As for the cost, the Tesla solar batteries are expensive–about $3500 per battery–since they are still a fairly new technology. Even with Kaitlyn exhausting grant money given by renewable and farming government subsidies, she still ended up paying about $1500 out of pocket for the batteries to power her home. But the technology, like anything, will become more efficient and more available over time. 

In terms of cost-effective renewable energy to power the house without energy storage, depending on what company installs solar panels or balloon wind turbines, and what a state’s policy is for subsidizing renewable energy and rebate payment deferrals, it is possible a person won’t need to spend a dime for solar panels and turbine installations. Even without batteries of any kind, those energy supplement will cut your daytime energy consumption significantly. 

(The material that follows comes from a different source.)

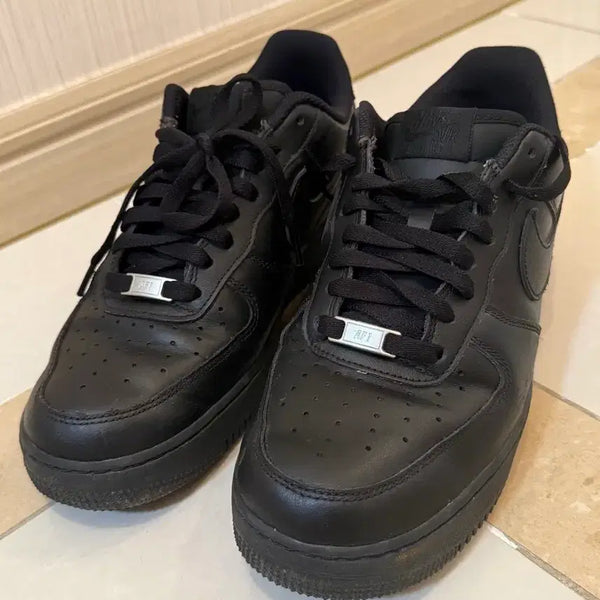 [BUNJANG] Nike Air Force 1 Low All Black 290mm / (급처) 나이키 에어포스 1 로우 올검 290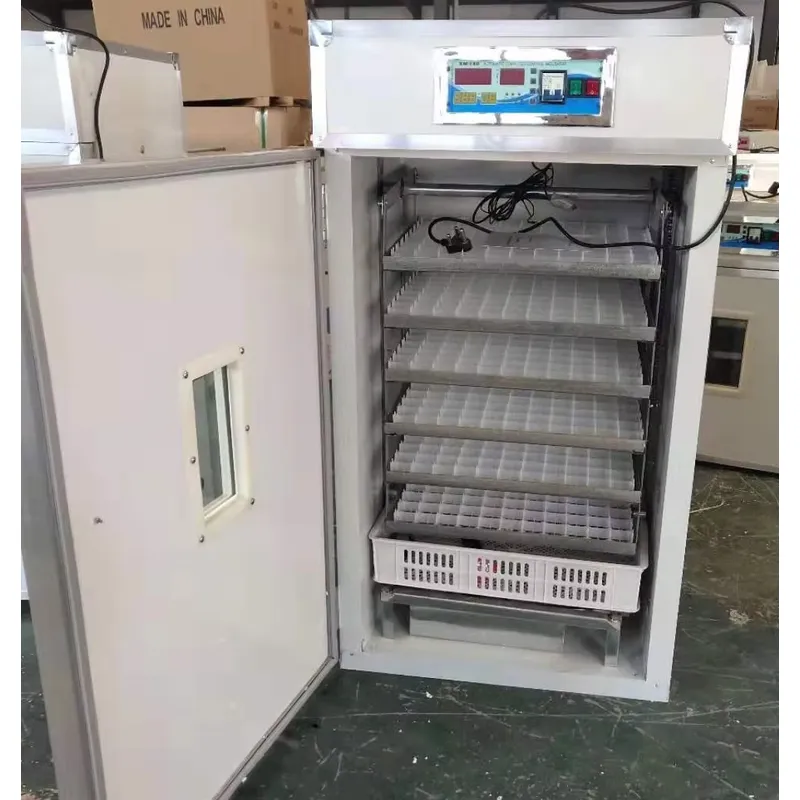 Przemysłowy automatyczny inkub – Quail Egg Incubator recenzja i cena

But the issue still stands with the more effective technology available in society today, “partial” cuts in energy consumption is unavailing. With Tesla batteries,and even better energy production and storage technologies in the future that tesla plans to build up in the future as the demand is high, the word “partial” in renewable energy subsidiary will be ,and in many cases already is, obsolete. It would be advantageous for everyone if all the world powers would combine their efforts to get the ball of complete renewable energy rolling quicker to save the environment, end resource wars, and prepare for the imminent end of cheap oil. Or at least for major world powers to provide the means and support to get more youngster to be inspired like Kaitlyn and Jaci about helping the world wean itself off of its crude energy usage and maintain its living standards without any carbon karma that used to come with it. There is hope yet, and two sophomores from MIT utilizing their own funds and an open source engineering blog and a love for Jacque Fresco are living proof.